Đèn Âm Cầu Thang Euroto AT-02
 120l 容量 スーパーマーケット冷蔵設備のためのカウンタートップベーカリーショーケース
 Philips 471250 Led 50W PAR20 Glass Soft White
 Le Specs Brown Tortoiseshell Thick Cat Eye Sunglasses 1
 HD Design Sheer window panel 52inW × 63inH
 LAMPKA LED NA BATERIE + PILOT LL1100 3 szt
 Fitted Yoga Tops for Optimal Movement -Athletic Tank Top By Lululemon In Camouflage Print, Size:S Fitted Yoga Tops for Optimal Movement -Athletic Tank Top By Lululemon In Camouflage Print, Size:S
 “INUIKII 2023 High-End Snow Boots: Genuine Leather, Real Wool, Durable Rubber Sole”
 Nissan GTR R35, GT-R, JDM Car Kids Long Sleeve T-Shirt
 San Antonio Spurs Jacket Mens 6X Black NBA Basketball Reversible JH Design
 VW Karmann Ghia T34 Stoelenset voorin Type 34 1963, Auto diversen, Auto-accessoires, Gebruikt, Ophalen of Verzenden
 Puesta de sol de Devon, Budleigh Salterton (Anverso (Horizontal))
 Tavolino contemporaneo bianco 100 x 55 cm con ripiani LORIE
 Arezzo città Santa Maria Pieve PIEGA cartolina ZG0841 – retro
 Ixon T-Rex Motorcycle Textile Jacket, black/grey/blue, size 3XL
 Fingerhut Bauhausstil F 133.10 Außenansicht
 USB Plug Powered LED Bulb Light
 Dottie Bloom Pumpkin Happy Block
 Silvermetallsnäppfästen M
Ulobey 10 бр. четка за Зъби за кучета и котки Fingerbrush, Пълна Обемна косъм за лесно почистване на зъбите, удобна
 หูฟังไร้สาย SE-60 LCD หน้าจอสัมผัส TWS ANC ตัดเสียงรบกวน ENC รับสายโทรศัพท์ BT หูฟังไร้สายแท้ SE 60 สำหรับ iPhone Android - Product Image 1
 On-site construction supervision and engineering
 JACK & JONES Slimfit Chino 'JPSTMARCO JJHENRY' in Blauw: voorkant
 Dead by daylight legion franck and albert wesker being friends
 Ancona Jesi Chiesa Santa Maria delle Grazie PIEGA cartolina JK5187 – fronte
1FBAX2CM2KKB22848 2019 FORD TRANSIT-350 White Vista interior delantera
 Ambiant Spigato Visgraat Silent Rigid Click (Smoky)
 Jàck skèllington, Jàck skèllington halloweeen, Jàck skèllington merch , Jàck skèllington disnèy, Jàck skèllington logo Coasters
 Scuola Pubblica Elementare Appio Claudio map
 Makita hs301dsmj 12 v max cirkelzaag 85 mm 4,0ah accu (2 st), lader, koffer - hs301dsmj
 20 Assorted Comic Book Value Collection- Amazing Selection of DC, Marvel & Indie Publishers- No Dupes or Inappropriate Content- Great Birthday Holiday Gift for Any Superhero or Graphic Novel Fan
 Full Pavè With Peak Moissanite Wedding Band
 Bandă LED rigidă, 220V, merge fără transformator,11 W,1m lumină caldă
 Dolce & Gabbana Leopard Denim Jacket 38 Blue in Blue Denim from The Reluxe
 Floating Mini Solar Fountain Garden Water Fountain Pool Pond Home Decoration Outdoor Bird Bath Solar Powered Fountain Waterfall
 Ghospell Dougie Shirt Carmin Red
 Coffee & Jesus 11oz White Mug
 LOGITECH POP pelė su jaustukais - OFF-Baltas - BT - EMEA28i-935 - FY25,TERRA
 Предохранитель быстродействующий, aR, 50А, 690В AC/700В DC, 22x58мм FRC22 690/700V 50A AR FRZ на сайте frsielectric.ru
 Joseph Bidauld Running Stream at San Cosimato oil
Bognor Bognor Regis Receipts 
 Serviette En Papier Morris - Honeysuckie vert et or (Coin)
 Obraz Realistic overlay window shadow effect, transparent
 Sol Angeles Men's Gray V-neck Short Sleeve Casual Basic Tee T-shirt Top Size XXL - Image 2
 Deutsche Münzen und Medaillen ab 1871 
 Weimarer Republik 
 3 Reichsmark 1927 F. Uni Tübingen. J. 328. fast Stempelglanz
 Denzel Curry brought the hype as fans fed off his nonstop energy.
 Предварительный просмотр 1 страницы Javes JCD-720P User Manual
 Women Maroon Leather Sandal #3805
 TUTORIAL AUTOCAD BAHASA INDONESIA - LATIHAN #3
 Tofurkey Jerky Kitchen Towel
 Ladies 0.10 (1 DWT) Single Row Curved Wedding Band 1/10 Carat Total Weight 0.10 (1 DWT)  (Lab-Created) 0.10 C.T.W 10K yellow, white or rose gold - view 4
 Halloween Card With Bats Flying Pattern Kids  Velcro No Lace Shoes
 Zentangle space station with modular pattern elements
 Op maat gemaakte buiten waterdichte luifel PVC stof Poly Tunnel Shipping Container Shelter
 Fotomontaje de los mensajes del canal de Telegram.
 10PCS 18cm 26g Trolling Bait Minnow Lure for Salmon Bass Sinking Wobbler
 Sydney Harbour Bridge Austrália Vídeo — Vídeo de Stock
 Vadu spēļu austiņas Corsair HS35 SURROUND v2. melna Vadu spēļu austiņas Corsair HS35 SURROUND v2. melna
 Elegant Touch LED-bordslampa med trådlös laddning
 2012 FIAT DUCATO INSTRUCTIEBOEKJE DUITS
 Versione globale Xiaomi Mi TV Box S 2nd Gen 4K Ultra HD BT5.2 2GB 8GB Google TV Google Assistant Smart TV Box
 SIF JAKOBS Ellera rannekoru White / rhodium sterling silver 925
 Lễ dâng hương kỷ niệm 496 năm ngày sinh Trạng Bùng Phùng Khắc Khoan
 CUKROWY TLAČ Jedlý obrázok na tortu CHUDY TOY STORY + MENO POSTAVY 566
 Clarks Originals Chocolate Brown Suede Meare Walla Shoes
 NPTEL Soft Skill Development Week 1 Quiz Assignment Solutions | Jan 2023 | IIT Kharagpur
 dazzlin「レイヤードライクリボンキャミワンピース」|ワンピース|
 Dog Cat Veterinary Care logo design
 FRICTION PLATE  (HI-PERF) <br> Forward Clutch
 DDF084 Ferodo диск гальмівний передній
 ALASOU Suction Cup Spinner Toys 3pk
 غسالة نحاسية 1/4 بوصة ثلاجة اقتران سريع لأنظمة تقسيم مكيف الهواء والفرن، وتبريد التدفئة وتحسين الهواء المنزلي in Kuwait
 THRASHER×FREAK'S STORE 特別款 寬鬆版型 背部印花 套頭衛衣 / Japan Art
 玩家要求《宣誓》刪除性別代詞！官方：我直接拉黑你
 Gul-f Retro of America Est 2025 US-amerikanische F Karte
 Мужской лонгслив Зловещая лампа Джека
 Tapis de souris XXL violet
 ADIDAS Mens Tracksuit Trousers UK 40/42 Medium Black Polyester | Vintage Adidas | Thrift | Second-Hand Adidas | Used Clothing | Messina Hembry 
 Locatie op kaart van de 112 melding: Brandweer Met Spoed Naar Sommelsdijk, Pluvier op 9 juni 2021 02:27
####################
**Brief**
Please copy out each line of the listing above that contains the string "Kids".

**Task solution**
 Nissan GTR R35, GT-R, JDM Car Kids Long Sleeve T-Shirt
 Halloween Card With Bats Flying Pattern Kids  Velcro No Lace Shoes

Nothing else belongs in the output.